(TASK REQUIREMENTS)
Take the lines below from the one with "95132 Homes Just Sold 2020-08 95132" through the one with "Energies 17 04069 g004" and retype them exactly. Include nothing else, and no pictures.

(PROVIDED ENTRIES)

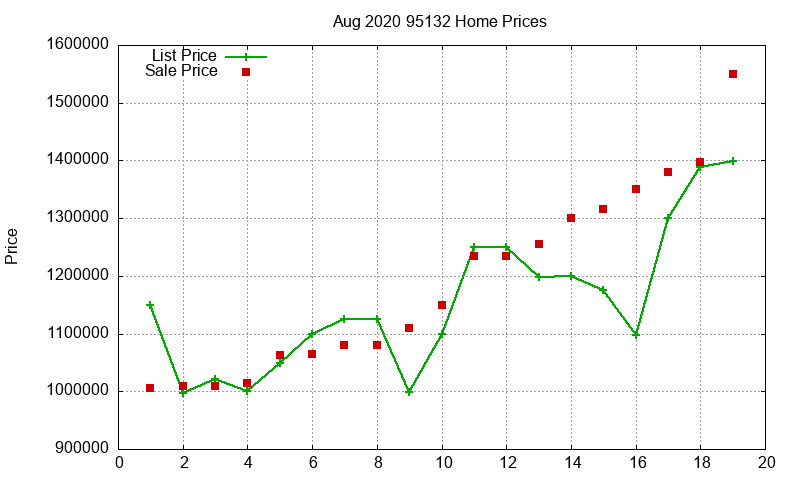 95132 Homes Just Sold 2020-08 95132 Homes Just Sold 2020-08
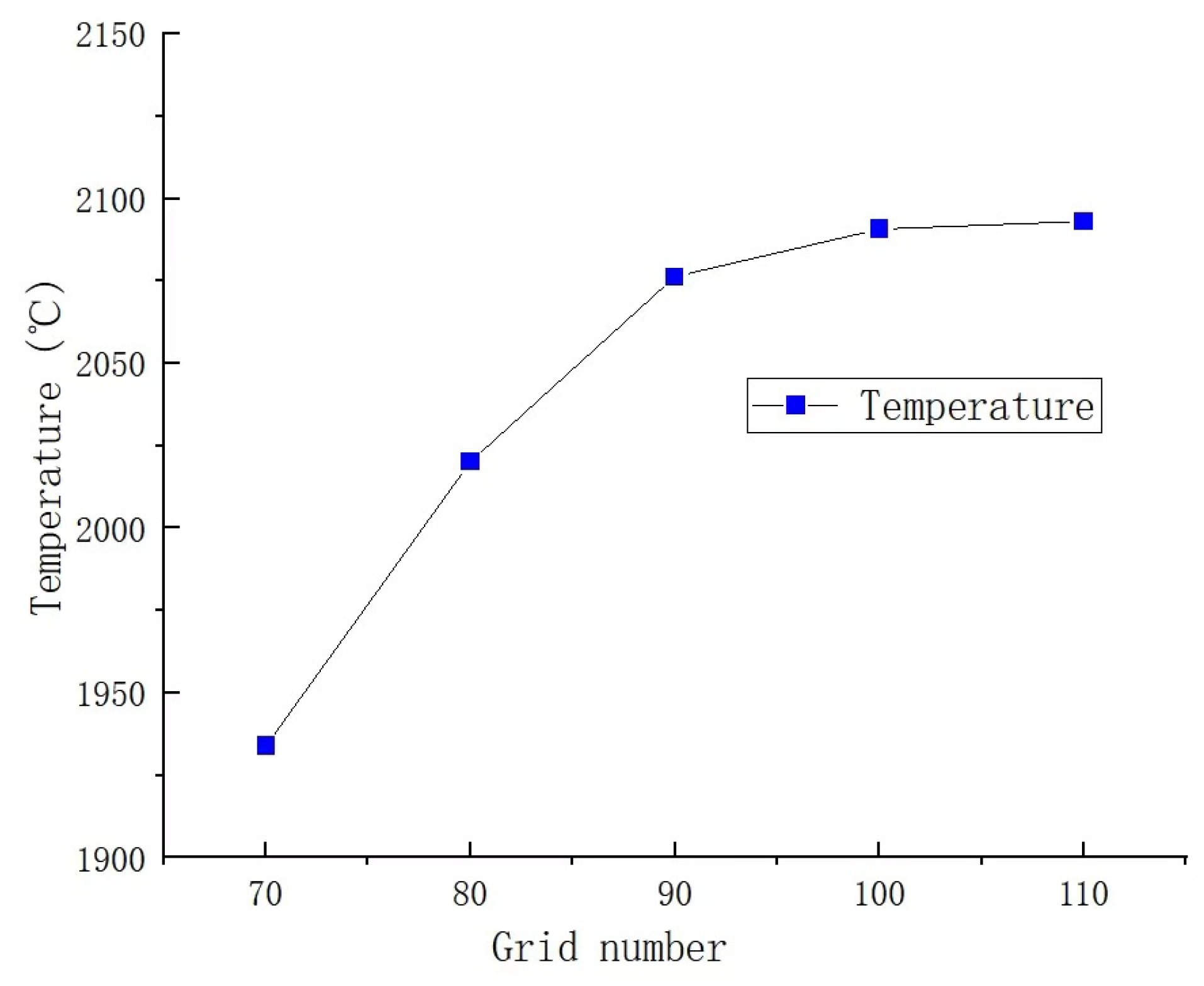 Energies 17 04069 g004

==

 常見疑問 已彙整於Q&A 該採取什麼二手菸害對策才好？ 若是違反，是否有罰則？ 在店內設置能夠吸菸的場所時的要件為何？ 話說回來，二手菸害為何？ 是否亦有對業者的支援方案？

(RESULT OF THE EXERCISE)
 95132 Homes Just Sold 2020-08 95132 Homes Just Sold 2020-08
 Energies 17 04069 g004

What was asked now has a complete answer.